"What in the name of all the witches of Salem has got into that piano!" cried Mr. Burleigh, bursting into the parlor from the office, with his pen stuck behind his ear, and his hair brushed up perpendicularly. "There's sorcery in the air. I'm practised upon—Keep still? No, not if I was nailed up in one of the soldier's 'wooden overcoats.' The world is transformed, transfigured, transmogrified, and 'things are not what they seem!' Here's a blooming girl who'll dance with me," and he seized the hand of a white-haired old lady who yielded to the contagion so far as to take a place in the line beside her granddaughter.

Indeed, in a few moments, all who had been familiar with the pastime in their youth, caught the joyous infection, and lengthened out the lines, each new accession being greeted with shouts and laughter.

The scene approached in character that described by Hawthorne as occurring in the grounds of the Villa Borghese when Donatello, with a simple "tambourine," produced music of such "indescribably potency" that sallow, haggard, half-starved peasants, French soldiers, scarlet-costumed contadinas, Swiss guards, German artists, English lords, and herdsmen from the Campagna, all "joined hands in the dance" which the musician himself led with the frisky, frolicsome step of the mythical faun.
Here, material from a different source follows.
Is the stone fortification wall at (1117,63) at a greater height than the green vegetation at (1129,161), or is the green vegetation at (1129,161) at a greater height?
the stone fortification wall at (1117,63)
In the latter instance it was a contagious, mad excitement easily possible among hot-blooded people and wandering pleasure-seekers, the primal laws of whose being are impulse and passion. That the joyous exhilaration which filled Mr. Burleigh's parlor was akin to the wild, half pagan frenzy that the great master of fiction imagined as seizing upon the loiterers near the Villa Borghese cannot be denied. Both phases of excitement would spring naturally from the universal craving for pleasurable life and activity. The one, however, was a rank growth from a rank soil—the passionate ebullition of passion-swayed natures; the other was inspired by the magnetic spirit of a New England maiden, who, by some law of her nature or consecration of her life, devoted every power of her being to the vivifying of others, and the frolic she had instigated was as free from the grosser elements as the tossing wild flowers of her native hills. With the exception perhaps of Van Berg, she had impressed every one as possessing a peculiarly sunny temperament. Be this as it may, it certainly appeared true that she found her happiness in enlivening others; and it is difficult even to imagine how much a gifted mind can accomplish in this respect when every faculty is devoted to the ministry of kindness.

This view of Miss Burton's character would account in part, but not wholly, for the power she exercised over others. Van Berg thought he at times detected a suppressed excitement in her manner. A light sometimes flickered in her deep blue eyes that might have been caused by a consuming and hidden fire, rather than by genial and joyous thoughts.

As he watched her now through the parlor window, her eyes were burning, her face reminded him of a delicate flame, and her whole being appeared concentrated into the present moment. In its vivid life it seemed one of the most remarkable faces he ever saw; but the thought occurred again and again—"If the features of Ida Mayhew could be lighted up like that I'd give years of my lifetime to be able to paint the beauty that would result."

Just at this moment he saw that young lady approach the parlor entrance with an expression of wonder on her face. He immediately joined her, and she said:

"Mr. Van Berg, what miracle has caused this scene?"

"Come with me and I'll show you," he answered and he led her to the window opposite to Miss Burton, where she sat at the piano. "There," he said, "is the miracle,—a gifted, magnetic, unselfish woman devoting herself wholly to the enjoyment of others. She has created more sunshine this dismal day than we have had in the house since I've been here. Is not that face there a revelation?"

"A revelation of what?" she asked with rising color.